㈱マイナビは2017年卒業予定の学生を対象にした大学生Uターン・地元就職に関する調査結果を発表した。地元の大学に進学した学生の75・7%が地元就職を希望となり、地元以外の大学に進学した学生の37・8%に比べて約2倍であることが分かった。地元外大学生の地元への就職の障害となっている理由としては、就職活動中の地元までの交通費や時間などのほか、地元企業の数が少ないという点などが挙げられていた。

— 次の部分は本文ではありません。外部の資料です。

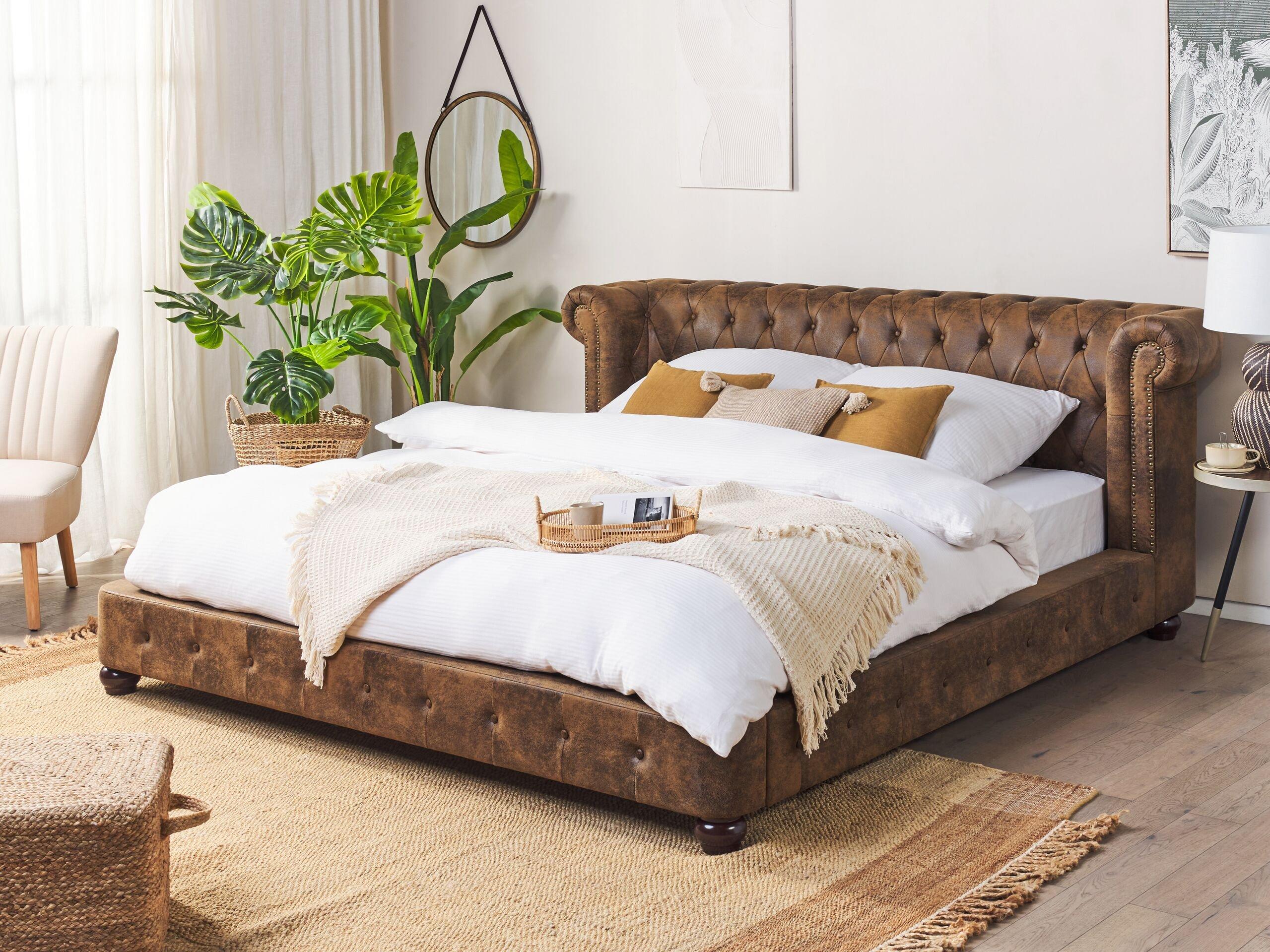 Beliani Bett mit Lattenrost aus Kunstwildleder Retro CAVAILLON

 これにより大学進学時に地元の学校を選ぶか、県外を選ぶかが卒業後に地元に戻るかどうかの分かれ道になっていることが分かる。残念なことに和歌山では平成26年度の県内の高校から県外の大学へ進学した学生の割合が86・3%で全国一とのこと。また大学卒業後県内に戻ってくる若者の割合はわずか3割程度で、このことが人口減少や地域の活力低下にも影響しているという。

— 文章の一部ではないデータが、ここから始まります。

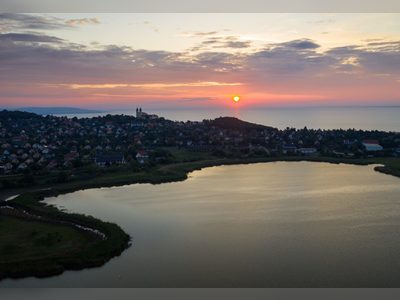Socialists Request Constitutional Review of Lake Balaton Construction Regulations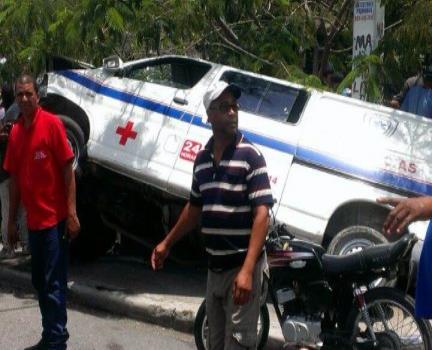 Dos mueren y siete resultan heridos en choque ocurrido en La Vega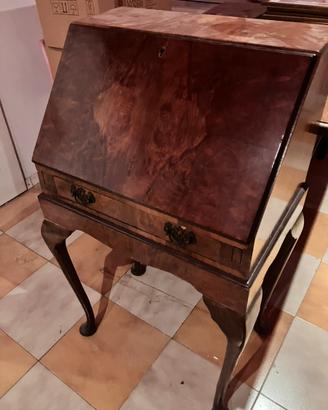 Secretaire Inglese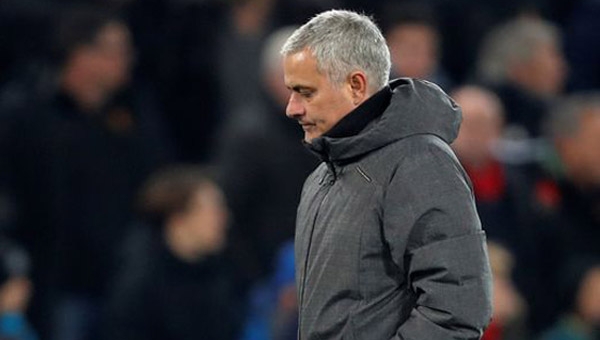 Tin tức MU: Mourinho bất lực nhìn trò cưng rời MU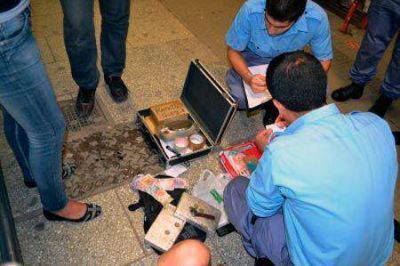 Detienen a un joven con 2 panes de marihuana en la Peatonal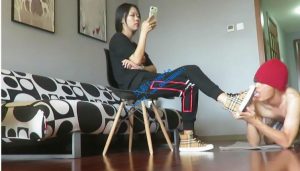 【画师女主】跪舔画师女主肮脏帆布鞋底！-97LZTD-2797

 文科省のスーパーグローバルハイスクール(SGH)に指定された日高高校では、生徒たちに世界で活躍している「地元企業の学習」を取り入れる。同校の卒業生も他府県へ進学した後、地元へ戻ってくる生徒が少ない。同校の上田優人校長によると、以前生徒と企業の交流を行った際、海外に拠点を置いていたり、世界を相手に取り引きしている地元企業の存在に、生徒たちが驚いていたという。
 地元にも世界規模で活躍し将来性のある企業はたくさんある。そのことを学生が認識し、地元でも自身の能力を発揮できる場所があることを知ることで、卒業後に地元へ戻ってくる学生の増加につながるかもしれない。同校の取り組みに期待するとともに、本紙でも地元企業の活躍を取り上げていきたい。(城)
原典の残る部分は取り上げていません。